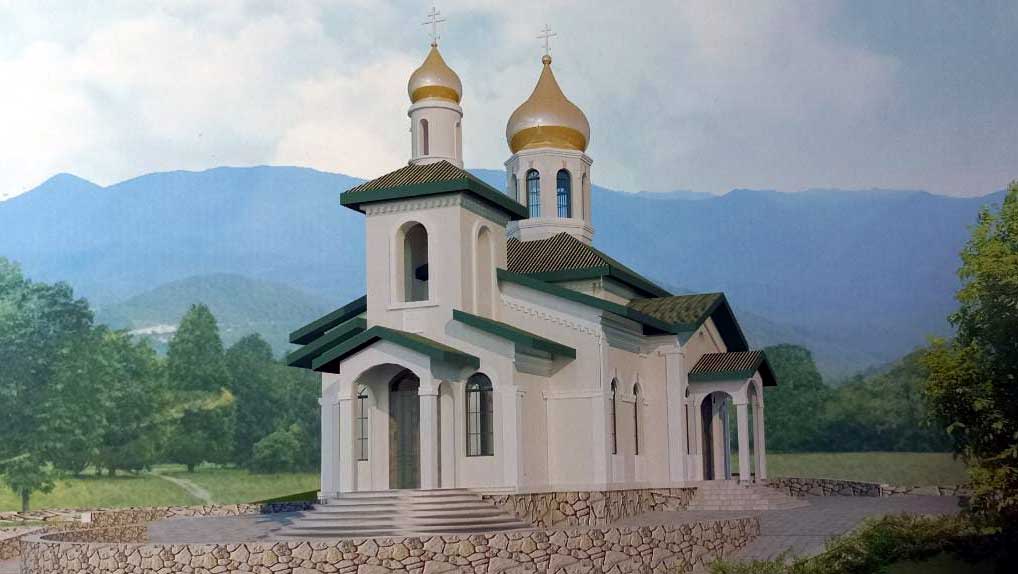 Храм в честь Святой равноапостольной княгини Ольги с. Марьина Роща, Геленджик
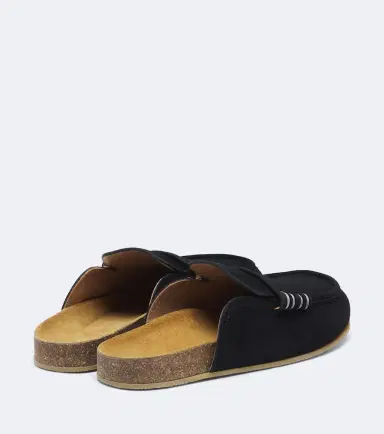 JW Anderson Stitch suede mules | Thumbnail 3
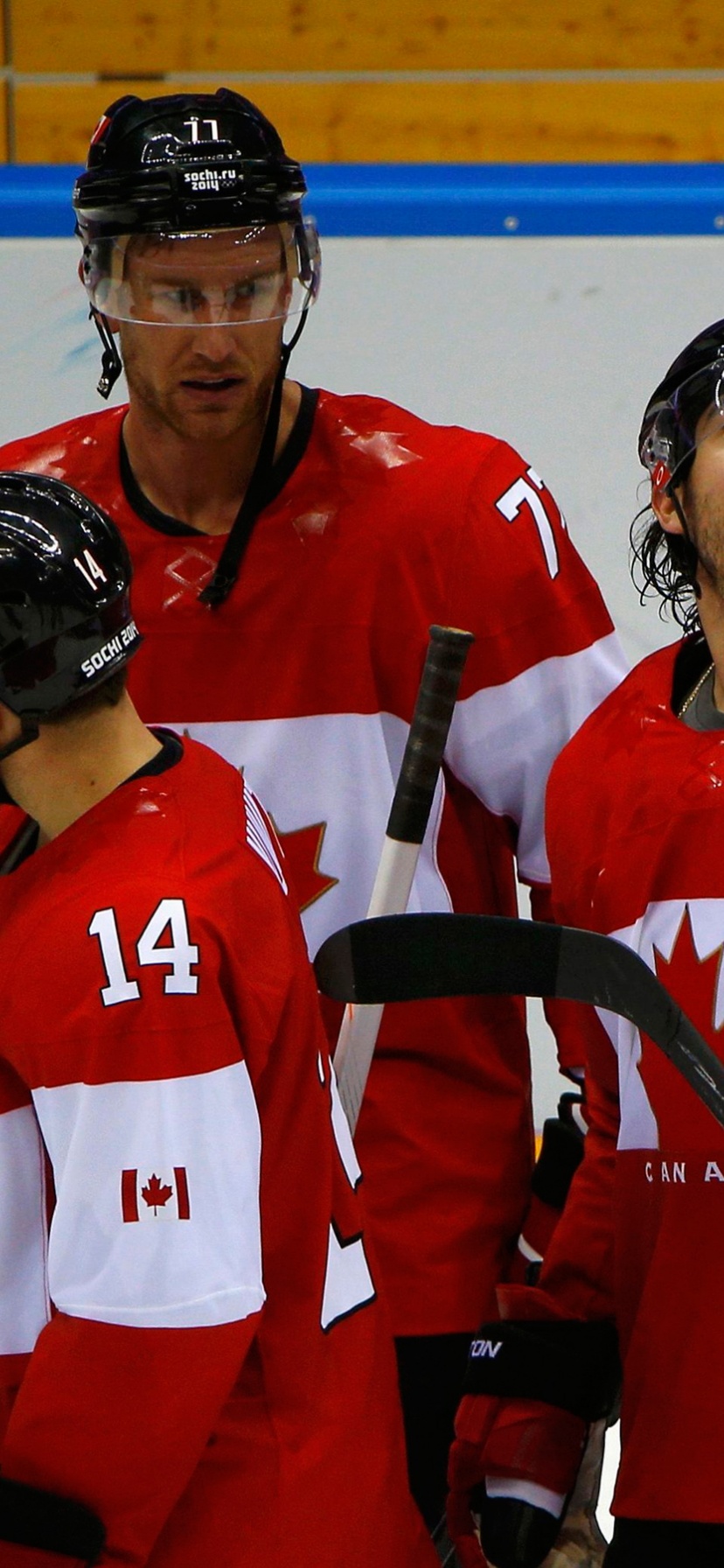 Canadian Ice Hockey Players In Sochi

### Exercise instructions:
Restate the whole listing above exactly, please, omitting every image.

### Expected output:
 Храм в честь Святой равноапостольной княгини Ольги с. Марьина Роща, Геленджик
 JW Anderson Stitch suede mules | Thumbnail 3
 Canadian Ice Hockey Players In Sochi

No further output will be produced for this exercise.